Economie au camp. Avant de manger le riz, on boit le lait de riz. Puis le grain est emballé dans des feuilles de bananiers et ficelé de tiges souples cueillies dans la forêt. Les bambous verts servent à la construction des cabanes et des embarcations. Aux intersections, de la liane. Les bambous à demi-sec, coupés à la hâche puis taillés, servent à fabriquer des tasses. Je bois mon café dans un bambou. Les bambous secs, servent de bois pour le feu, et, déroulés, de plancher pour les cabanes. Plus étonnant, comme Pou me sert un instantané écoeurant que fabrique Nestlé et que je renonce à boire, il me propose de cuire du vrai café. Or, il n’y a qu’une casserole et il y a déjà jeté les légumes. Il tranche un bambou, le remplit d’eau du ruisseau, perce la jointure haute et le plante dans les braises. Quelques minutes plus tard, le bambou siffle, l’eau est bouillante. Ceci encore: hier soir, je demande s’il a du piment. Il se lève et diparaît dans la nuit. Avec cette vieille vaisselle, ces bouteilles et ces cartons qui traînent au sol, je me dis qu’il espère déniché un reste. Il revient avec six petits piments, trois verts trois rouges, qu’il a ceuilli dans le noir.
Mois : février 2015
Rêve
Ma boîte aux lettres a été remplacée par une boîte en plomb qui fait distributeur de préservatifs. Les squatters n’ont pas fini l’installation, ils s’affairent. Je les gêne. Où est ma boîte à lettres? Dans le creux de la main, j’ai mes cartes de crédit et de la monnaie de différents pays, le tout en miettes. Je m’excuse: pas très alerte, j’ai mal dormi. Puis je m’aperçois que j’ai le visage couvert de mousse à raser. C’est un peu gros, me dis-je, mais dans le milieu des squats, tout passe… Et puis cela prouve que je ne triche pas: je suis fatigué. Cependant, je me dirige vers les toilettes communes. En fait, des douches. Femmes et hommes sont nus, et beaux. Ma cousine s’avance:
- Au début, c’est un peu bizarre, mais on s’habitue.
De retour dans la ruelle, je vais aux boîtes à lettres. Les travaux sont finis. Il y a désormais un mur formés de cent boîtes minuscules. Le squatter qui fait le facteur plie chaque lettre en douze, puis assemble plusieurs lettres ainsi pliées au moyen d’élastiques. Je porte une combinaison floue qui m’oblige à dandiner. Un passant que je connais m’attaque. Mes parades échouent. J’aligne de mauvais contre. Il se moque.

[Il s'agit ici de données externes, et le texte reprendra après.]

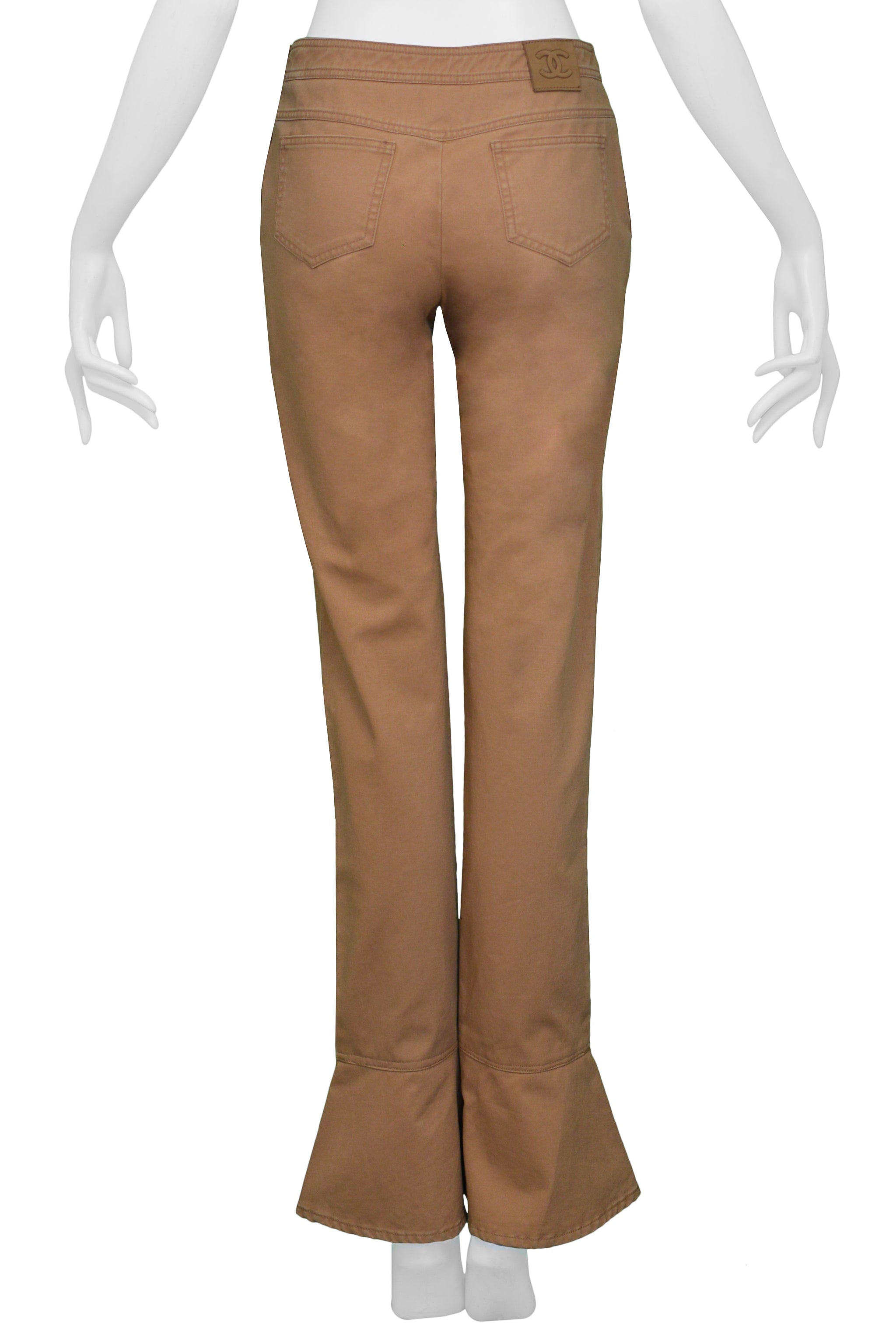 CHANEL KHAKI FLARED COTTON PANTS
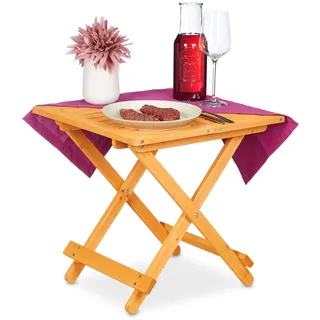 Relaxdays Klapptisch Holz, für Wohnzimmer, Balkon & Terrasse, tragbar, stabil, Beistelltisch HBT: 50x50x50 cm, natur | Hellbraun,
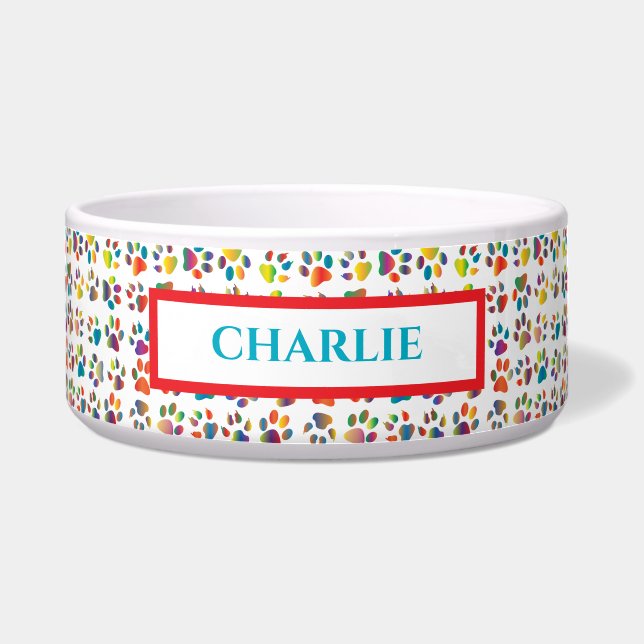 Rainbow Paw Prints Dog Bowl (Front)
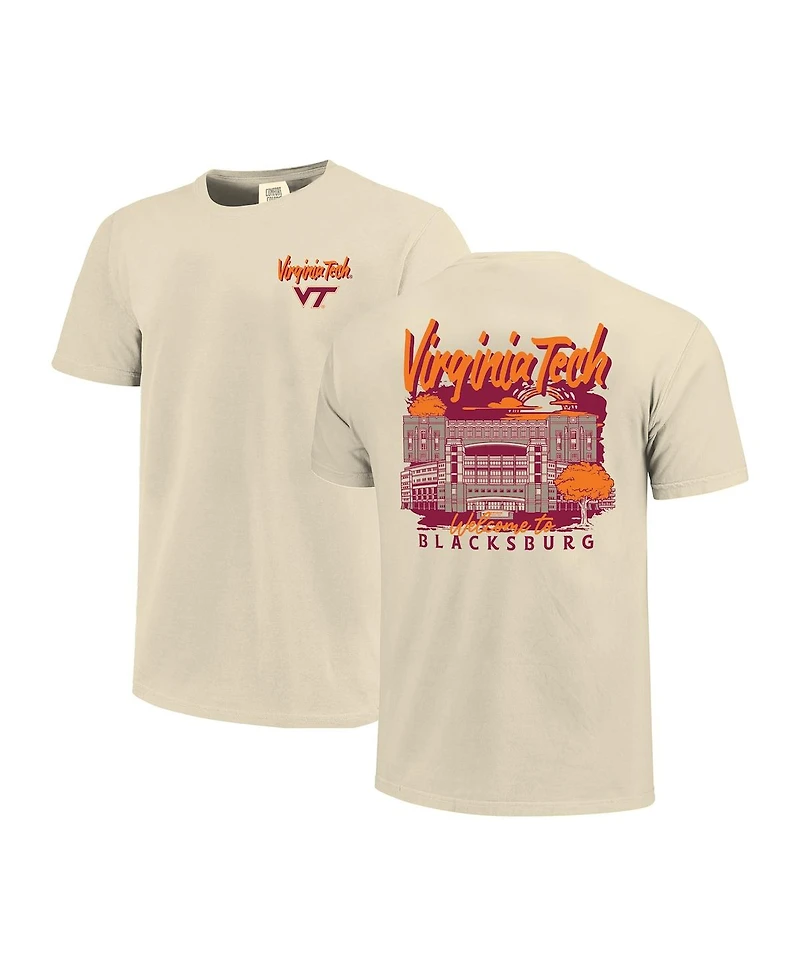 Image One Men's Natural Virginia Tech Hokies Comfort Colors Hand-Drawn Campus Stack T-Shirt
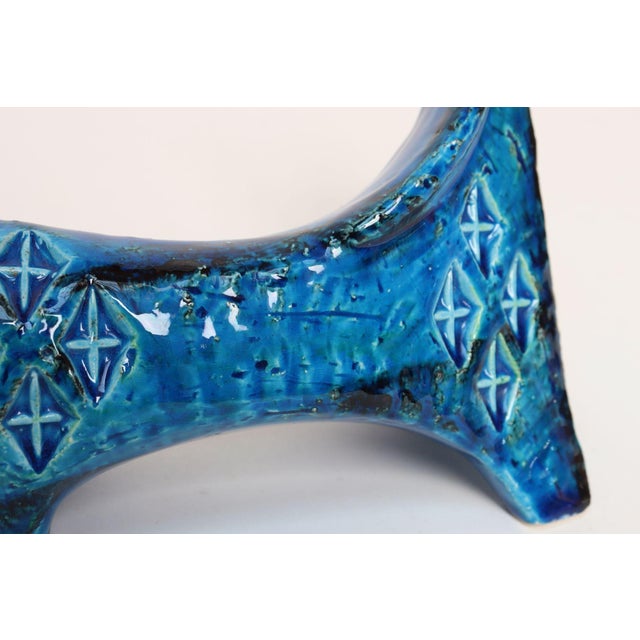 Blue Italian Bitossi Rimini Blu Ceramic Horse by Aldo Londi for Flavia Ceramiche For Sale - Image 8 of 13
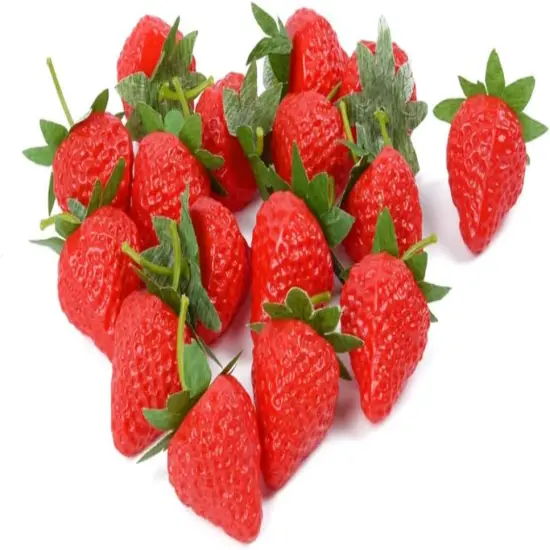 20 Pieces Artificial Strawberries Fake Strawberries Lifelike Red {1}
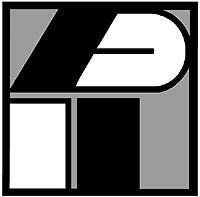 Schwarz-weiß-graues geometrisches Logo mit stilisierten Buchstaben „PI“.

- Je n’ai pas à m’excuser, lui dis-je, mais vois-tu, je suis fatigué.
En quittant le quartier, je croise Krick (notre voisin du bureau de Genève qui tient une cyclomessagerie). Il tient son chien en laisse ou plutôt, son chien, petit roquet au poil ras, le traîmne derrière lui. Pour l’éviter, je change de trottoir. A ce passant qui s’étonne du spectacle, je déclare:
- Qu’il aille à sa comptabilité!
Pou 3
Nuit dans un camp dressé au-dessus de la rivière. Six cabanes de bambous. En haute saison, les toits sont pourvus de bâches, mais plus personne ne doit passer avant juin et l’installation a été démontée. J’occupe une cabane contre la pente, Pou déroule son sac prés de l’établi qui sert de cusine. Il allume un feu, récupère une marmite qui traîne au sol, la récurre, met du riz à bouillir, coupe les légumes. Nous avons chacun deux boîtes de bière (en fait, j’ai triché, j’en ai une de plus que lui) stockées dans un bidon que Pou a rempli de glace et qui sont restées fraîches depuis le matin.

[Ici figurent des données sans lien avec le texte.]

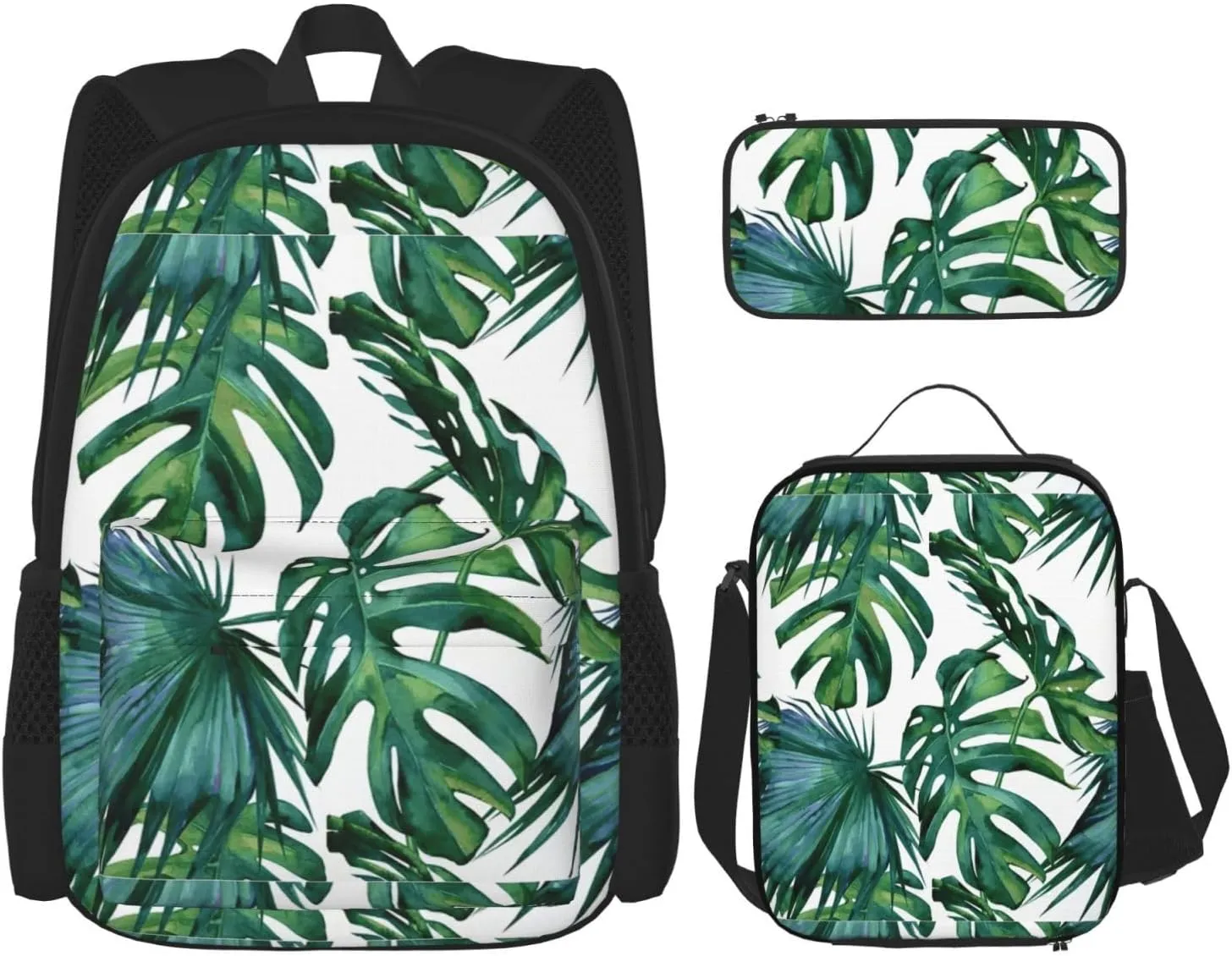 Green Banana Leaves Print Versatile Adjustable Shoulder Fashion Backpack Lunch Bag Pencil Case Large Capacity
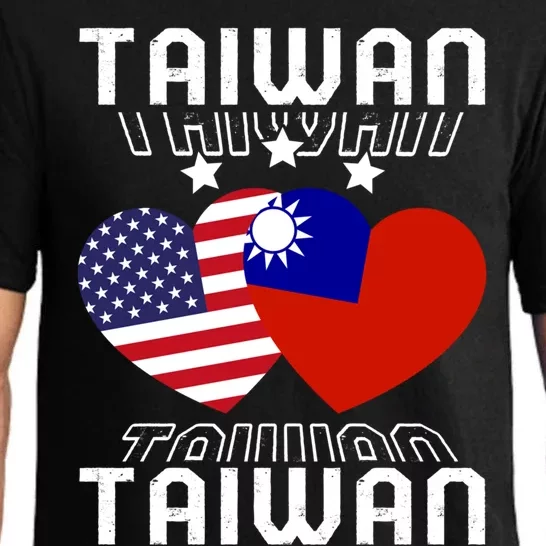 America And Taiwan Taiwanese American Flag Dual Nationality Cool Gift Pajama Set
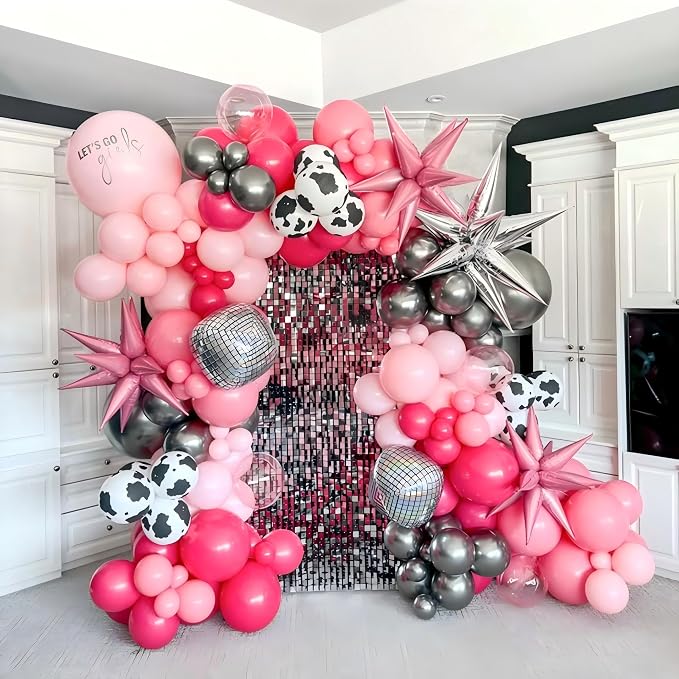 Hot Pink Silver Cow Balloons Disco Cowgirl Birthday Last Rodeo Party Decor | - Image 2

- Je fais un peu plus de riz, dit Pou, s’il en reste, on en donnera à une femme que je connais dans la jungle.
Pou 2
Pou ne prononce pas un mot en trois heures. Nous descendons la rivière. Il donne les ordres. Des fumées montent de la forêt. Un martin-pêcheur vole de rocher en rocher. Nous traçons des voies à travers trente rapides. Sur les parties calmes, parfois immobiles, nous ramons. Soudain, Pou raconte sa vie. Il commence, raconte, finit. Le soir et le lendemain, lorsque je le plaisanterai sur ce qu’il m’a dit, pas trace d’émotion sur son visage. Comme s’il ne comprenait pas. Ou que je parle d’un autre. L’histoire racontée, il n’y a rien à ajouter. Donc le voici qui se confie. Il me montre la photographie d’une femme sur un portable. Une chinoise.

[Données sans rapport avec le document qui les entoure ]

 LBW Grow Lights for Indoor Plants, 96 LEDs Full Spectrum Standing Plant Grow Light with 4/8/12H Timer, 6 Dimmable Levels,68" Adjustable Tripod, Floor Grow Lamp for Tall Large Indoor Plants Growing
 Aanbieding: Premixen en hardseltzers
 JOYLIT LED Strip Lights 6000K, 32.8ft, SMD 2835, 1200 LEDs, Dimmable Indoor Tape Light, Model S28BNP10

Je l’ai amenée sur la rivière en décembre, me dit-il. Nous avons eu le coup de foudre. Elle est rentrée à Guangzhou. Elle m’a envoyé ce téléphone pour que je lui parle. J’ai écrit un message en me servant du traducteur. Je crois que ça n’a pas marché. Elle ne veut plus entendre parler de moi.
- Regarde, elle bloque tous mes appels. Ensuite, ma femme m’a mise à la porte. Maintenant, le mieux est d’attendre. Moi, je préfère être ici, sur la rivière.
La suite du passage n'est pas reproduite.